The 3 ML approaches are basic attempts at indicating a certain predictability between a country of origin and the country of asylum. Since the dataset from the dataanalysis part only contains 

country_of_origin -> distance, refugees, ... -> country_of_asylum

conntections, the good prediction results are not surprising.

The next 2 steps would be the following:


1. Extend the dataset to a country_of_origin -> distance, refugees -> for all country in countries layout

This would enable proper prediction results

2. Extend the dataset with more attributes about the country of asylum. The reason is that possible countries of asylum which are thousand kilometers away depend on a lot more characteristics than neighboring countries. Best example: What made Syrian refugees travel to Germany?

##  Were there any difficulties in analysing the data? What were the key insights obtained?

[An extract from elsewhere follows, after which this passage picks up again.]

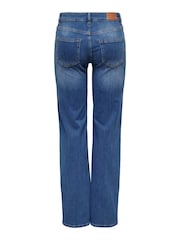 ONLY Blush Super Stretch Straight Leg Denim Jeans - Image 6 of 6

In the regard of analyzing data there are many difficulties that make this process really hard. During this exercise we encountered many of these difficulties in real life scenarios. In this exercise we had to deal with data from different datasets, since these datasets weren’t constructed for the same purpose difficulties arise in merging them. After merging these datasets, we ended with a lot of missing values which pointed it out the question, do we have in our dataset meaningful data. Another difficult aspect is to be able to point out relations between different features by using appropriate visualizations techniques. The insights obtained in regard of visualization where that in order to be able to produce visualizations that provide meaning it is best to start by investigating correlation between features this could be done by using correlation matrixes. After visualization the correlation matrix we can start to plot different features by comparing them in visualization. Having plots of the features that are correlated with each other would allow us to investigate different patterns in the data and maybe other hypothesis could be created by just looking at visualizations.

## Which Data Science tools and techniques were learned during this exercise?

During this exercise we had the oportunity to learn different techniques in data science such as different visualisation with seaborn library, missing values with K-NN handling, different merging techniques, models and evaluation of the models.